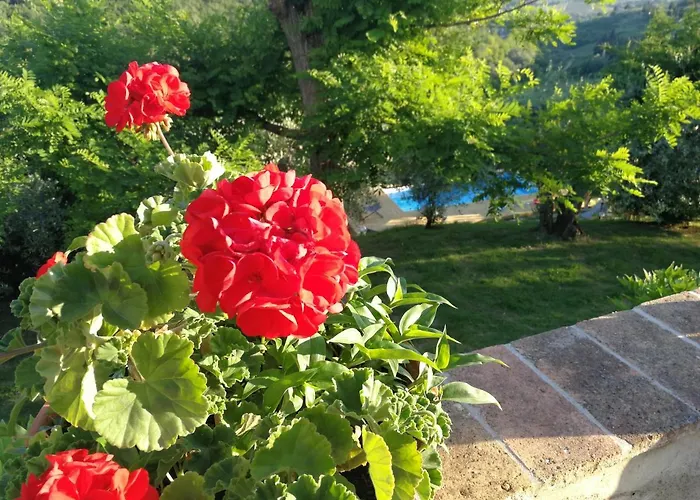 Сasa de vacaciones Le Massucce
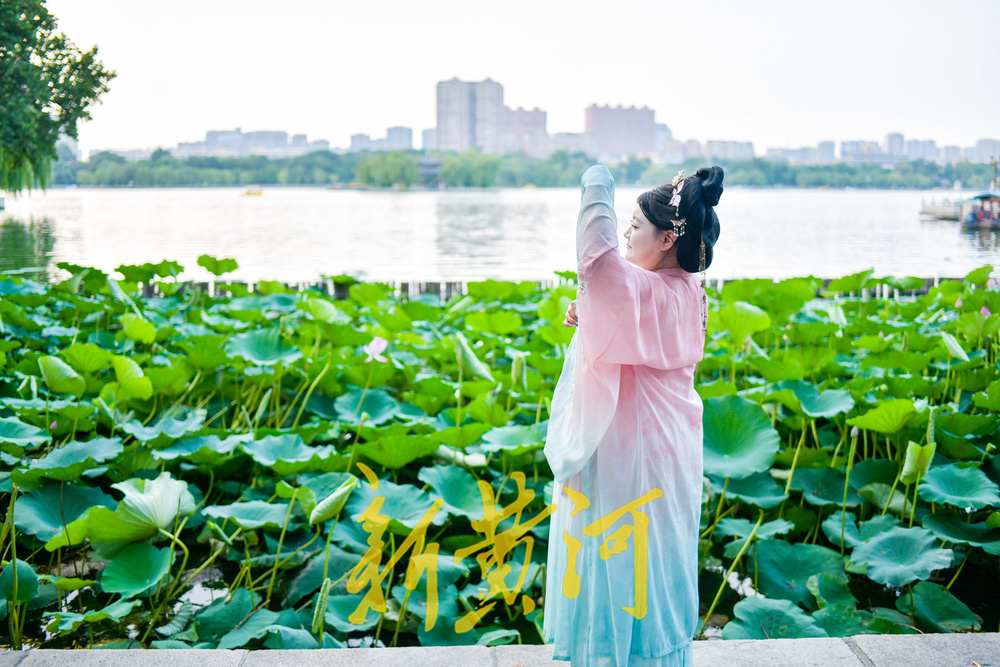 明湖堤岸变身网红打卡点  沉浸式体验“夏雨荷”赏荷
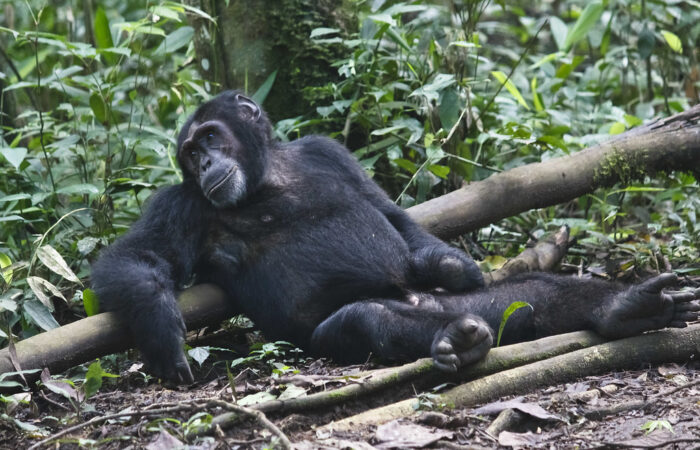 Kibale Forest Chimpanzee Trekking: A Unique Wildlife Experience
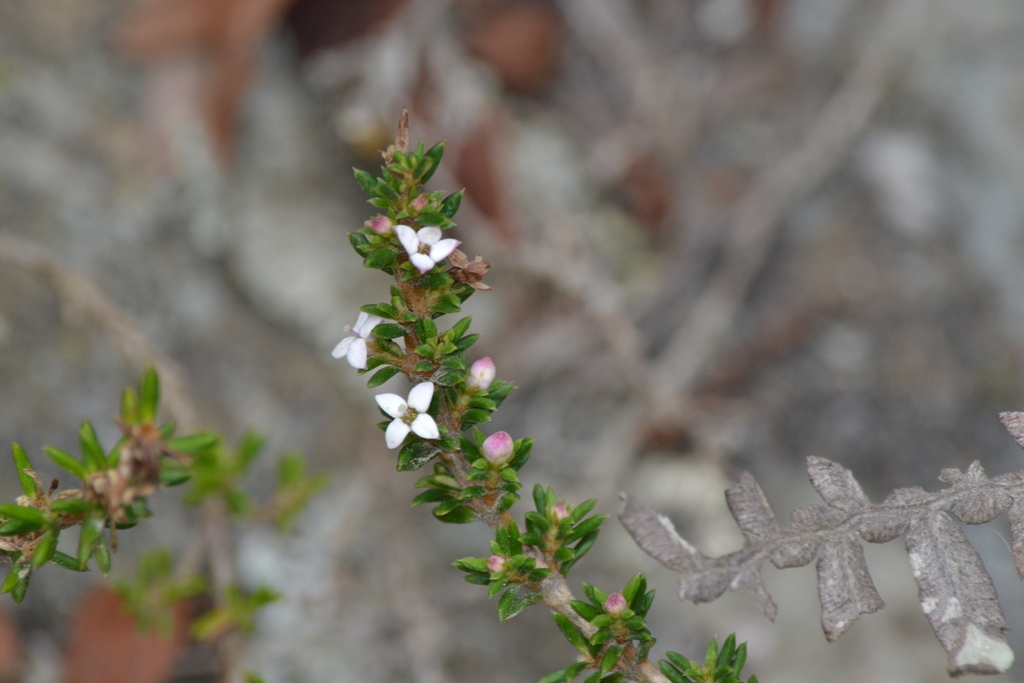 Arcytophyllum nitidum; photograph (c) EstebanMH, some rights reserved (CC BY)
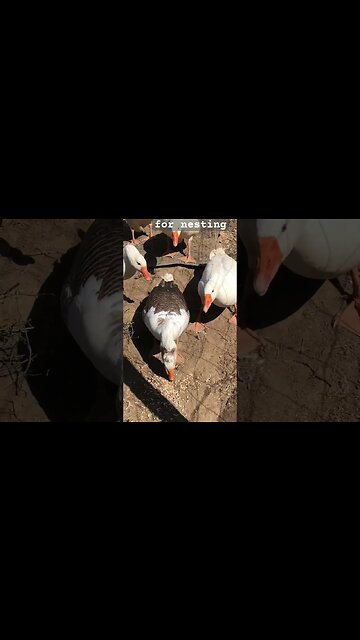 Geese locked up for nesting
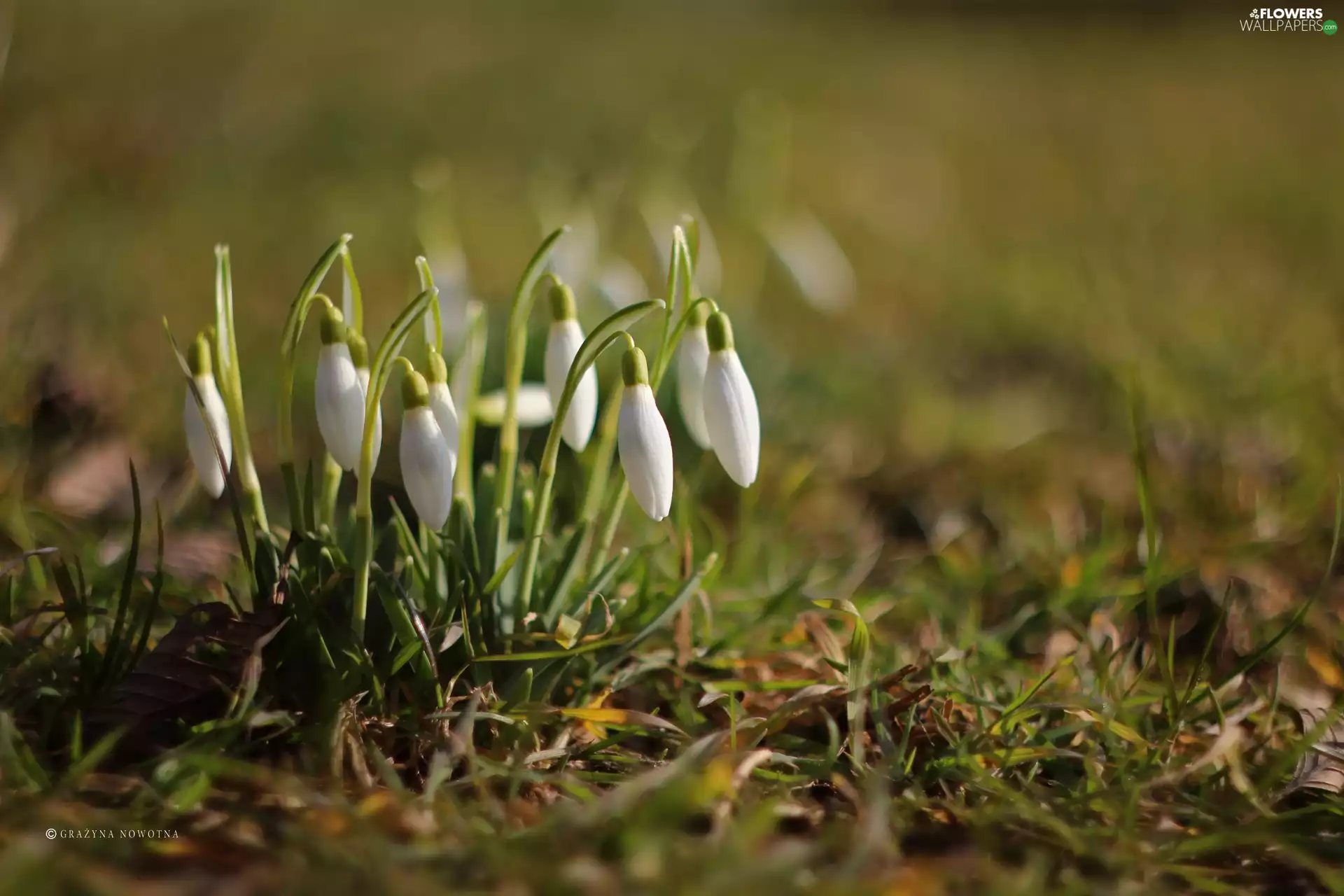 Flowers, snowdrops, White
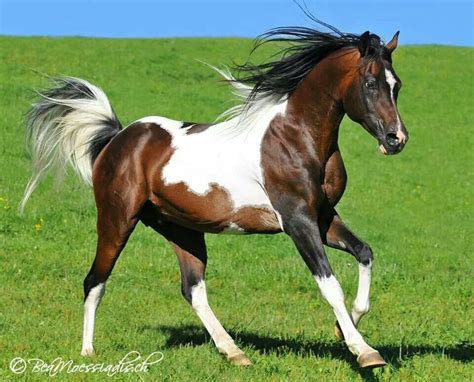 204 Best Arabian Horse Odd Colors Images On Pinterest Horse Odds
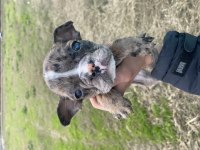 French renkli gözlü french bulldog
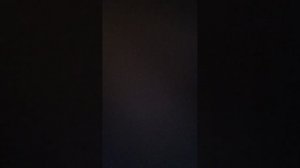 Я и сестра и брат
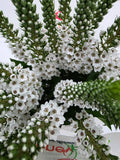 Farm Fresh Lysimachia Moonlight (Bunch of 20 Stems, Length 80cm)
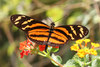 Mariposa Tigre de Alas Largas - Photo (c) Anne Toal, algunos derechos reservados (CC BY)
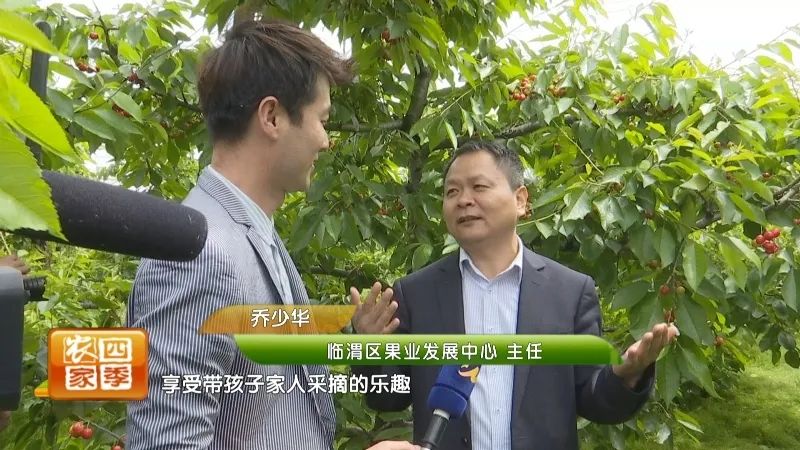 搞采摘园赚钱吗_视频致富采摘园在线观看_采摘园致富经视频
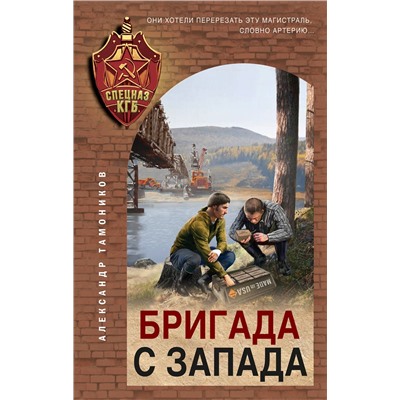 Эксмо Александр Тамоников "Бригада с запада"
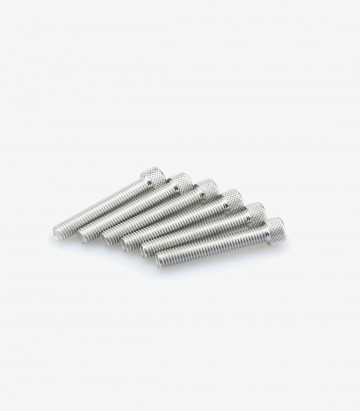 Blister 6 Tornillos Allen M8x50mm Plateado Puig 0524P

········

▶ THE PROBLEM: Only those lines from the one containing "Mariposa Tigre de" to the end of the material above, retyped exactly and without pictures, belong in your reply.

▶ EXERCISE RESPONSE:
 Mariposa Tigre de Alas Largas - Photo (c) Anne Toal, algunos derechos reservados (CC BY)
 搞采摘园赚钱吗_视频致富采摘园在线观看_采摘园致富经视频
 Эксмо Александр Тамоников "Бригада с запада"
 Blister 6 Tornillos Allen M8x50mm Plateado Puig 0524P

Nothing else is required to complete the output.